[EXERCISE MATERIALS]

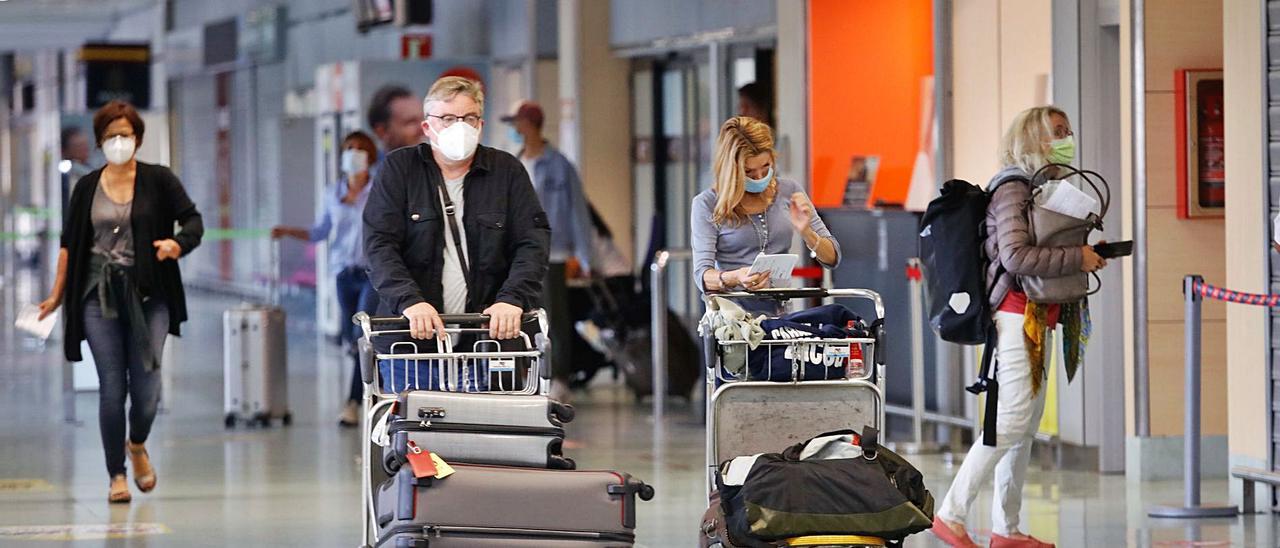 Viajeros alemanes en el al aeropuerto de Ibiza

[/EXERCISE MATERIALS]
[EXERCISE MATERIALS]

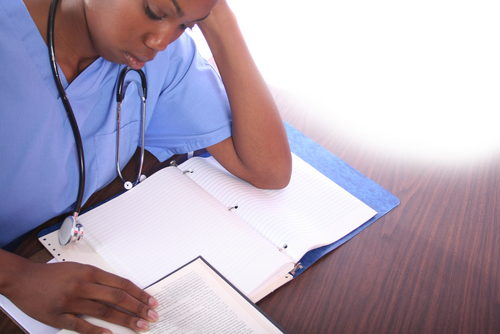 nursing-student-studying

[/EXERCISE MATERIALS]
[EXERCISE MATERIALS]

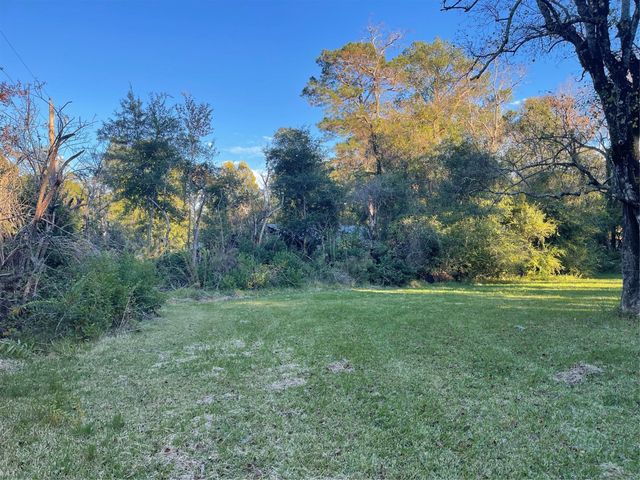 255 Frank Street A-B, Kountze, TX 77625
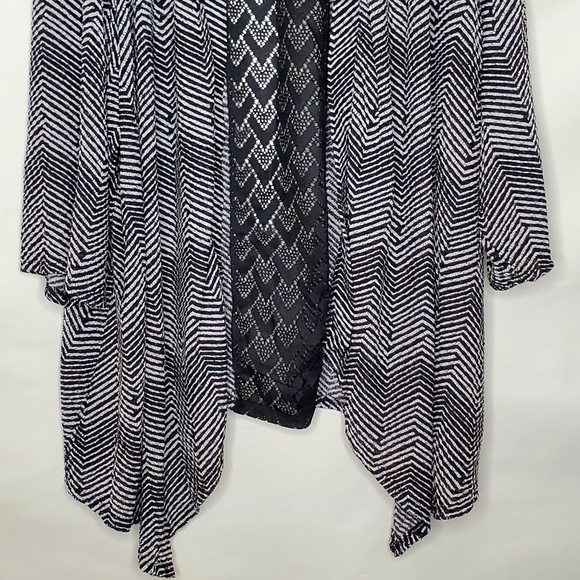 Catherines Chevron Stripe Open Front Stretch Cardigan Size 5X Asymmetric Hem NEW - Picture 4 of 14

[/EXERCISE MATERIALS]

EXERCISE DIRECTIONS = A clean copy is needed of the lines in the listing above from the one with "255 Frank Street A-B, Kountze, TX 77625" through the one with "Catherines Chevron Stripe", exact in every word and free of pictures.

RESULT =
 255 Frank Street A-B, Kountze, TX 77625
 Catherines Chevron Stripe Open Front Stretch Cardigan Size 5X Asymmetric Hem NEW - Picture 4 of 14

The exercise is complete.